→ Requirement
Exactly how many lines in the listing contain "welcome"? Respond with the number and nothing more.

*** Data for analysis ***

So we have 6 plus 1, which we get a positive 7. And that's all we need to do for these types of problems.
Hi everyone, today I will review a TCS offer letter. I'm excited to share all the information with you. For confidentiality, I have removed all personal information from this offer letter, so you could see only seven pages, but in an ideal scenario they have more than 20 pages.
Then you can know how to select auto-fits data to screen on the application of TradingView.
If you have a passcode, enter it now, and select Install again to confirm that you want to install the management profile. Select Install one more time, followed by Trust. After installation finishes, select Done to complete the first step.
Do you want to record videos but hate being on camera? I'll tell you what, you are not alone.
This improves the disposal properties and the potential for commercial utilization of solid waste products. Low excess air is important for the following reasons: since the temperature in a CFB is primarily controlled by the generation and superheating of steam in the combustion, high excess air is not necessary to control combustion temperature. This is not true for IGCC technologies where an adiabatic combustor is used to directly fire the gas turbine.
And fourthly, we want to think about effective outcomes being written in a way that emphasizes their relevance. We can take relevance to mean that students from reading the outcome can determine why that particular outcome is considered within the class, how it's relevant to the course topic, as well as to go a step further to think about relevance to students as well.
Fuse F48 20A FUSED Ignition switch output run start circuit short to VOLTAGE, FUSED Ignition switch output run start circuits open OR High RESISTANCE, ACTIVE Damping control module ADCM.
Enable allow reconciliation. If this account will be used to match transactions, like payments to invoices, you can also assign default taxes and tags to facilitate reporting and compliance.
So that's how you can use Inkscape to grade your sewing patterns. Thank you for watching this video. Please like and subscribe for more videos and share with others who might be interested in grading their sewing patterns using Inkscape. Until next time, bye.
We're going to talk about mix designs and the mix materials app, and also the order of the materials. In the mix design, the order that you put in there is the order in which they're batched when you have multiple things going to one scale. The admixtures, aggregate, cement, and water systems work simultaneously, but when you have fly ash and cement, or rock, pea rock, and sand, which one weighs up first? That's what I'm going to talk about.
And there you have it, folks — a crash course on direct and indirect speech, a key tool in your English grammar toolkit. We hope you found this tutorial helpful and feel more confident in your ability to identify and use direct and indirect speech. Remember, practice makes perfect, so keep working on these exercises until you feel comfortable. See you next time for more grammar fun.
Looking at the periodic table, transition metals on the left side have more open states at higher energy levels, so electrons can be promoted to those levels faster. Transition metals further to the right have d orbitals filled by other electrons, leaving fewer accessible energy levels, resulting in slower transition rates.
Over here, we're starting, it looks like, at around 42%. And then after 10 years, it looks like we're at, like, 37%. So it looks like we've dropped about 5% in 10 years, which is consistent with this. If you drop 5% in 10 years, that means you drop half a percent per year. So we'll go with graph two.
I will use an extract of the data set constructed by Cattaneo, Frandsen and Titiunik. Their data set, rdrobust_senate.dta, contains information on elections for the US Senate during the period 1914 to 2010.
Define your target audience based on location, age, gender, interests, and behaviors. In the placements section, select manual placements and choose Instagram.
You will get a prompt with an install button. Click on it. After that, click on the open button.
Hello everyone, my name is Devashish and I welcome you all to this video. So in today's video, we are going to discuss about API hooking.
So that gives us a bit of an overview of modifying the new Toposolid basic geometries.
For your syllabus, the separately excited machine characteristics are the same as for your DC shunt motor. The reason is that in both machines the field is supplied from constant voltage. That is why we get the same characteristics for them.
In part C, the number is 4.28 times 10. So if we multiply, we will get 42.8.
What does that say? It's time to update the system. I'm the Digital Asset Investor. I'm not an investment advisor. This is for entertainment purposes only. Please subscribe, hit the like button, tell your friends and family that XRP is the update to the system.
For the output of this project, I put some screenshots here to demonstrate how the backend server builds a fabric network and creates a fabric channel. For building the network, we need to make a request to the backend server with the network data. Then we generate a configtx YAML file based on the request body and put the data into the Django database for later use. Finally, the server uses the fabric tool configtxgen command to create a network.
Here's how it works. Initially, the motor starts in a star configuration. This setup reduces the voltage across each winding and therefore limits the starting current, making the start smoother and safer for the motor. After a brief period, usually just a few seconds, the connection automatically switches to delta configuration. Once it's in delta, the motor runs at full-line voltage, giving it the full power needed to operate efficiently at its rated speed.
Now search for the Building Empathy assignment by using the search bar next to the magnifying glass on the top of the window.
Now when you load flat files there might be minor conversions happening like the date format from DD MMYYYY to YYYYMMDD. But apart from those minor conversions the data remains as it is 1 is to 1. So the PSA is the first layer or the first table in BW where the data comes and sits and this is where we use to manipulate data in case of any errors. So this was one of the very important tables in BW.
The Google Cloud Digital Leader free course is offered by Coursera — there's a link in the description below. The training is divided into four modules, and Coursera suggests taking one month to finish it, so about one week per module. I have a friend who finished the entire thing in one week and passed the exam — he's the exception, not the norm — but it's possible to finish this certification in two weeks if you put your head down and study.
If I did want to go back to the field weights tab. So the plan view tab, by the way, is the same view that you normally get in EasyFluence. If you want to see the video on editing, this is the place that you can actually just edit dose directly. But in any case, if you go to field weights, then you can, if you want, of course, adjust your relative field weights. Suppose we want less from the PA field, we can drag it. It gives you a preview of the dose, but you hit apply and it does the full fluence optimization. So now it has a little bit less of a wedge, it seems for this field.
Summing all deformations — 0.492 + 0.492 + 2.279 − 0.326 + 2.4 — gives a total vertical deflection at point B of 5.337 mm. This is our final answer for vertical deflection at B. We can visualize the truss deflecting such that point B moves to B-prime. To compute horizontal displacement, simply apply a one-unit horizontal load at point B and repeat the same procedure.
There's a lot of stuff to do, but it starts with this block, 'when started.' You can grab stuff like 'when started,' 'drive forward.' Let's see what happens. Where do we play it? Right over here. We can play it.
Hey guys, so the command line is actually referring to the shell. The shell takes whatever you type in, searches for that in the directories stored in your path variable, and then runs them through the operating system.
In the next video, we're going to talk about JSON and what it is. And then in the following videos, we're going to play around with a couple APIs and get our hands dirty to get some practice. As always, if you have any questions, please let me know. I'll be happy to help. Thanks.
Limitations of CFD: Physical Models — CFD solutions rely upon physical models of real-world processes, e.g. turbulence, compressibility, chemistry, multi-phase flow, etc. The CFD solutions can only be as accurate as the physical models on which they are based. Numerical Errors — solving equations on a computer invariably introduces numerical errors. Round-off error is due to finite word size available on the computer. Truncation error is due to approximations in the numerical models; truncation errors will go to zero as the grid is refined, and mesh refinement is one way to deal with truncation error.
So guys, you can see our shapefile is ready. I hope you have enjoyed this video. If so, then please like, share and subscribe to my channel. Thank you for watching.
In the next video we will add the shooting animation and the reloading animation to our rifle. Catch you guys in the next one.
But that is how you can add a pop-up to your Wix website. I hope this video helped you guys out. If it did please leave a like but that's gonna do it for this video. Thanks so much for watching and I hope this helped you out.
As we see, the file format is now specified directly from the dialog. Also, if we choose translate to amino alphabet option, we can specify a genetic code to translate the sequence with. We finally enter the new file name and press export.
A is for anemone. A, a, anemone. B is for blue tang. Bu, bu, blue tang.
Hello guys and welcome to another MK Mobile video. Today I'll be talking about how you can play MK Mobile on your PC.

*** End of Data for analysis ***

→ Response area
2